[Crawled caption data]
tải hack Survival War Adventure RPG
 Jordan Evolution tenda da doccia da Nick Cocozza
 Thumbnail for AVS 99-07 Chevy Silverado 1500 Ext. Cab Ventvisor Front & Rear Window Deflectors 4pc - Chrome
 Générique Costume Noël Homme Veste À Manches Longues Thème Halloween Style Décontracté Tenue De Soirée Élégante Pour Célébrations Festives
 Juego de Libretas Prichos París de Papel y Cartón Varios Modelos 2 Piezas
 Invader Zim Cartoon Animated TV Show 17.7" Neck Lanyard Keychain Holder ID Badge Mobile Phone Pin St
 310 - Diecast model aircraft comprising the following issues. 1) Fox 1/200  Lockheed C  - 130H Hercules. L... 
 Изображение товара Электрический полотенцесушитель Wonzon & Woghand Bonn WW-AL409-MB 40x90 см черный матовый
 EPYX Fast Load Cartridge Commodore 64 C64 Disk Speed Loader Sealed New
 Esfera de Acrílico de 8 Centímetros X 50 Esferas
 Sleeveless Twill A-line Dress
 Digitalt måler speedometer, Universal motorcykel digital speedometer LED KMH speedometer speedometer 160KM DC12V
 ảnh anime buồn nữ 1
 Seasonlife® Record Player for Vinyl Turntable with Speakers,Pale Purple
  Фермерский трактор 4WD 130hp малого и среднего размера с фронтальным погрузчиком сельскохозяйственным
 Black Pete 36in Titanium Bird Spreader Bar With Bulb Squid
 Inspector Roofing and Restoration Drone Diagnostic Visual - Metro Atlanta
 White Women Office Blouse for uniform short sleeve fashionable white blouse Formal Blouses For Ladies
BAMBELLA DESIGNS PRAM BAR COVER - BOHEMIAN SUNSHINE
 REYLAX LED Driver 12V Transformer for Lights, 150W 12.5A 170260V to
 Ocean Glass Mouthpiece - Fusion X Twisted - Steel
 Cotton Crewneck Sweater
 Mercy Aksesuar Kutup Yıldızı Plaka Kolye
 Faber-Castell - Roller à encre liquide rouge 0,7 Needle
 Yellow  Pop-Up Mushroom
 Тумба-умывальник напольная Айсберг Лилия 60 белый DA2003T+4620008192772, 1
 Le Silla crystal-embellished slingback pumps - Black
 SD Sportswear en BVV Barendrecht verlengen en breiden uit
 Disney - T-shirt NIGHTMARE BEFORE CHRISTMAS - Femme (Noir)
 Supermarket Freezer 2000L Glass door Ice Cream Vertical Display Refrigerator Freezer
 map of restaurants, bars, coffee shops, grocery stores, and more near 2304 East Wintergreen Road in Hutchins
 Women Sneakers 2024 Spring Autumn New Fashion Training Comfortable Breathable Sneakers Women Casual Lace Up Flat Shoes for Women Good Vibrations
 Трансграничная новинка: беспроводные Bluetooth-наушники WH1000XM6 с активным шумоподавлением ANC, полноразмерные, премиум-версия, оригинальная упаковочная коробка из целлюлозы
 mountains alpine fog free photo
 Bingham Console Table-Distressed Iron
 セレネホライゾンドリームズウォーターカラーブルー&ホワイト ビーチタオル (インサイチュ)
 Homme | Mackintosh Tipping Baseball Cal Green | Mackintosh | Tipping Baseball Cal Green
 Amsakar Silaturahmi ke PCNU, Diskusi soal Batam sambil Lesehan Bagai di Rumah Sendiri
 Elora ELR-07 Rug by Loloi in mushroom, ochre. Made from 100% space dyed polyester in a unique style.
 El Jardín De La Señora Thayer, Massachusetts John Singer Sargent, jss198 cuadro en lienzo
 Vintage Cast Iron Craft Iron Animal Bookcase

*Problem details*. Among the entries above, locate the lines containing "Juego de Libretas" and "Изображение товара Электрический", and transcribe exactly those two lines and all lines between.

*Answer to the exercise*.
 Juego de Libretas Prichos París de Papel y Cartón Varios Modelos 2 Piezas
 Invader Zim Cartoon Animated TV Show 17.7" Neck Lanyard Keychain Holder ID Badge Mobile Phone Pin St
 310 - Diecast model aircraft comprising the following issues. 1) Fox 1/200  Lockheed C  - 130H Hercules. L... 
 Изображение товара Электрический полотенцесушитель Wonzon & Woghand Bonn WW-AL409-MB 40x90 см черный матовый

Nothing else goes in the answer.